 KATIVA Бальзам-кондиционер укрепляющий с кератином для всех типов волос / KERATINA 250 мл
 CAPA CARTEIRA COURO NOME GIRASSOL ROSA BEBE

* * *

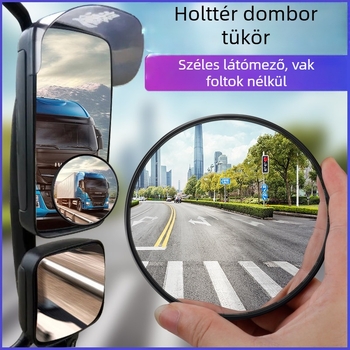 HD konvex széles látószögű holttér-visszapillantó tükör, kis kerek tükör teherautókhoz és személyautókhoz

==

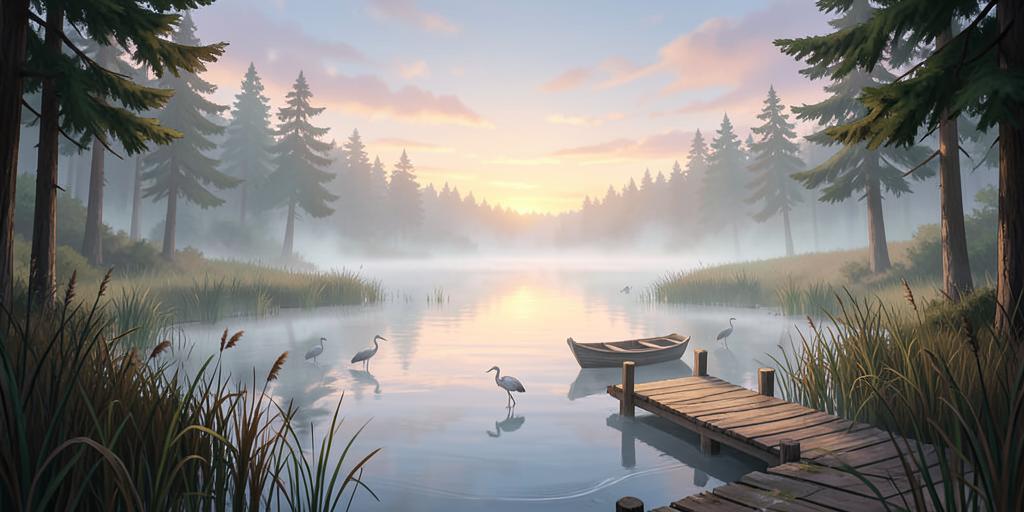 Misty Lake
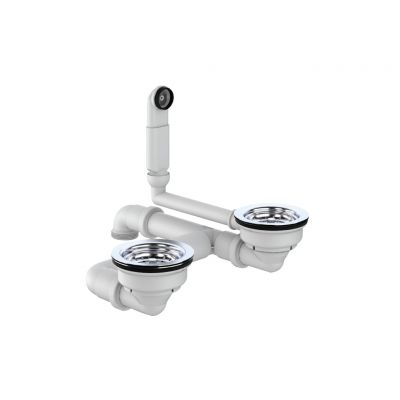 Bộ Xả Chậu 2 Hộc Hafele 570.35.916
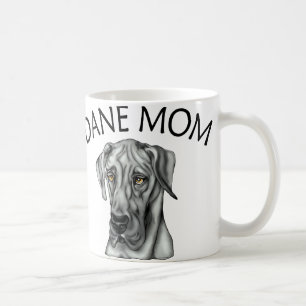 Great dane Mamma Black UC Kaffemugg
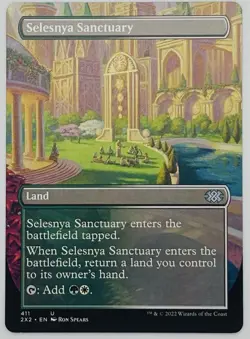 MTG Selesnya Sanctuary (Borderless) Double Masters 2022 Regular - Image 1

Goal of the exercise — Beginning with the line containing "KATIVA Бальзам-кондиционер укрепляющий" and ending with the line containing "CAPA CARTEIRA COURO NOME GIRASSOL ROSA BEBE", extract those lines exactly from the listing above, and only those.

Answer section —
 KATIVA Бальзам-кондиционер укрепляющий с кератином для всех типов волос / KERATINA 250 мл
 CAPA CARTEIRA COURO NOME GIRASSOL ROSA BEBE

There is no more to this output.